» Task instructions
Nothing should appear in the answer except the lines below from the line containing "You're going to" through the line containing "So this is how", copied exactly, with pictures left out.

» Record excerpts
....
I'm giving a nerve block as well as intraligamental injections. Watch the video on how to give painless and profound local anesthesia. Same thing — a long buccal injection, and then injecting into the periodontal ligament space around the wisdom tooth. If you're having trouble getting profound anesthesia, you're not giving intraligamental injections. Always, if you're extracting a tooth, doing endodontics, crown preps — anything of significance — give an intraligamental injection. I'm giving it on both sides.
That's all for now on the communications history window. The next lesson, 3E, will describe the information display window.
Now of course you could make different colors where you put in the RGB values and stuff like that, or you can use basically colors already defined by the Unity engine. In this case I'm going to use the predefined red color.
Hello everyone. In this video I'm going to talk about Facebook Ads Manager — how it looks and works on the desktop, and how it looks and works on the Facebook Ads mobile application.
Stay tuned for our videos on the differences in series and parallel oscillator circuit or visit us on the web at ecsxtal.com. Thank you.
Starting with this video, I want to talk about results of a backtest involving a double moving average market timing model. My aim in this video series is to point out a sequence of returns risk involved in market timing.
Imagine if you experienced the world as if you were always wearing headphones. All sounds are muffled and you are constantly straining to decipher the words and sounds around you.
....
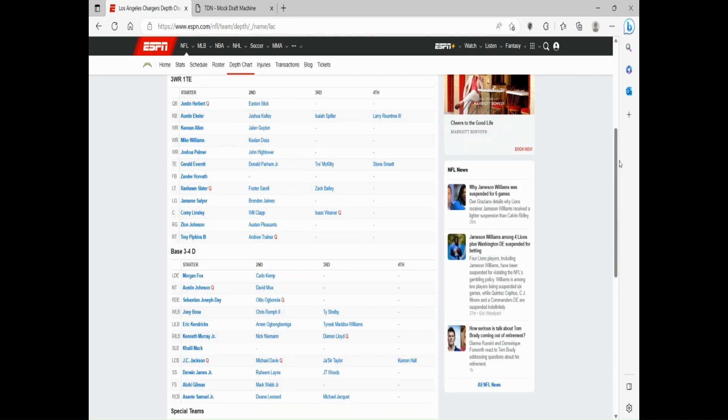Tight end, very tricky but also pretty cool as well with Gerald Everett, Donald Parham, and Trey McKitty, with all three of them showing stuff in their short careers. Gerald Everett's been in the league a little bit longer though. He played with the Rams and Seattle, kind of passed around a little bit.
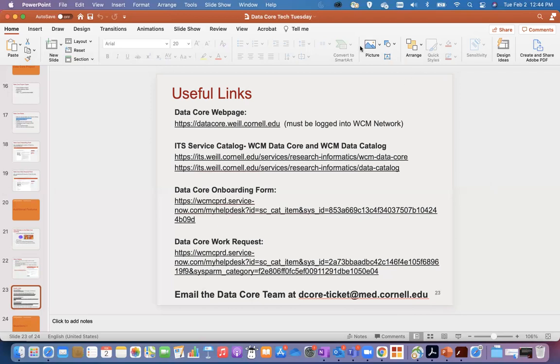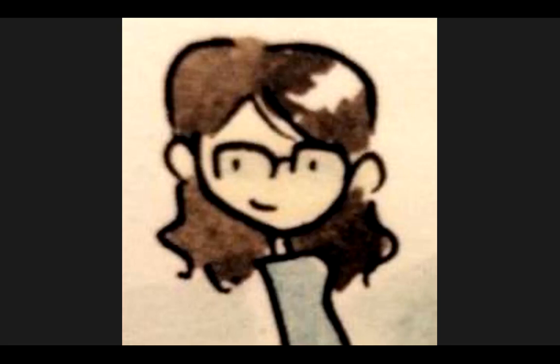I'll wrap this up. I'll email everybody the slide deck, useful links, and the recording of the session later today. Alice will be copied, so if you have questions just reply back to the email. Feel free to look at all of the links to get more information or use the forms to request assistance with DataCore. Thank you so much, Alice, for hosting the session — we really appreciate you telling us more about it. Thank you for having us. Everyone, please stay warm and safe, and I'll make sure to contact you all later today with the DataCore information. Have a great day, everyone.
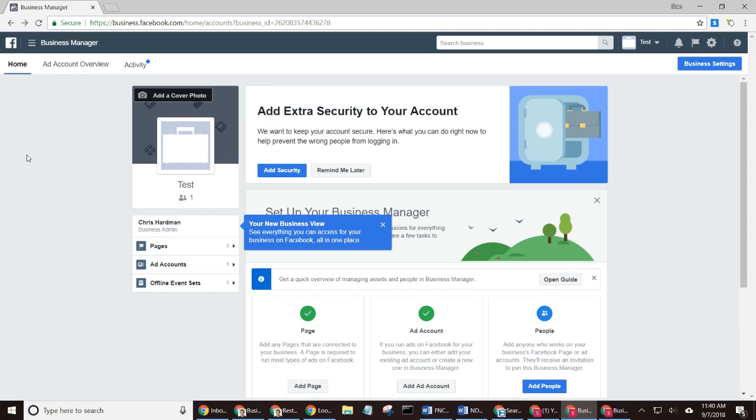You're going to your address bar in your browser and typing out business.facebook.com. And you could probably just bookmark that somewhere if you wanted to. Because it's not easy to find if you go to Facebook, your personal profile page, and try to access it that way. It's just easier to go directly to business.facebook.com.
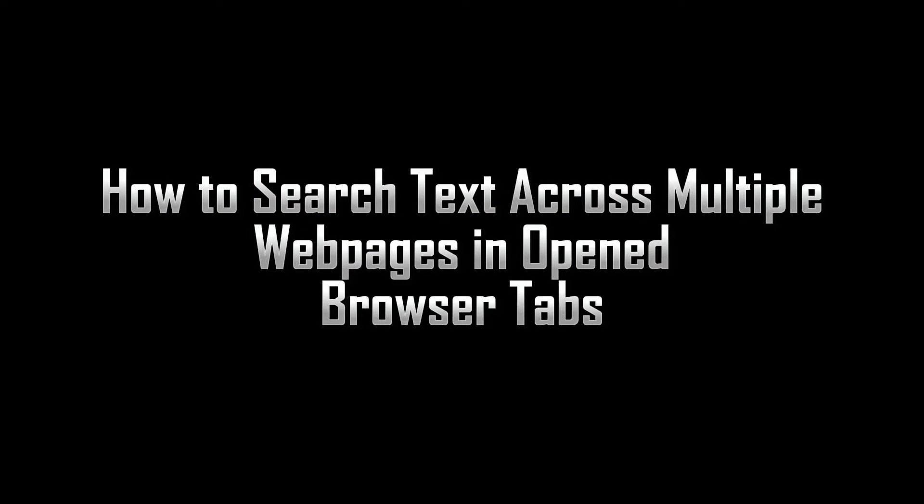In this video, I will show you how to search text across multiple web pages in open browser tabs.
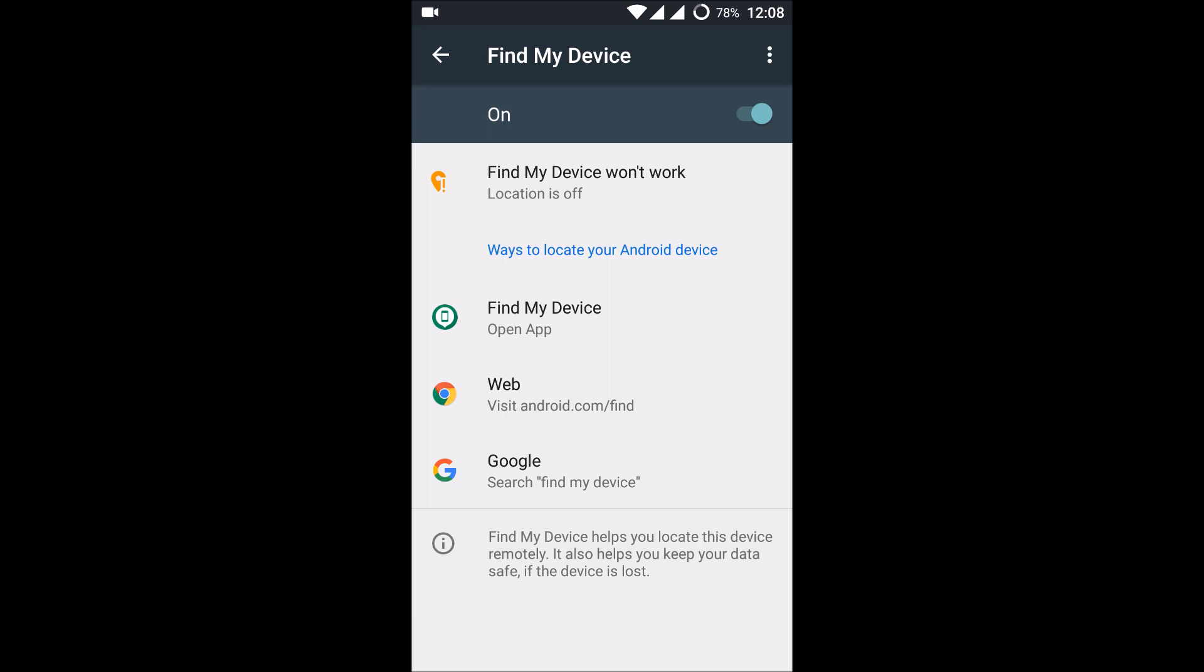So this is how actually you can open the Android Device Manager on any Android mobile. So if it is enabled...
....
» Task solution
You're going to your address bar in your browser and typing out business.facebook.com. And you could probably just bookmark that somewhere if you wanted to. Because it's not easy to find if you go to Facebook, your personal profile page, and try to access it that way. It's just easier to go directly to business.facebook.com.
In this video, I will show you how to search text across multiple web pages in open browser tabs.
So this is how actually you can open the Android Device Manager on any Android mobile. So if it is enabled...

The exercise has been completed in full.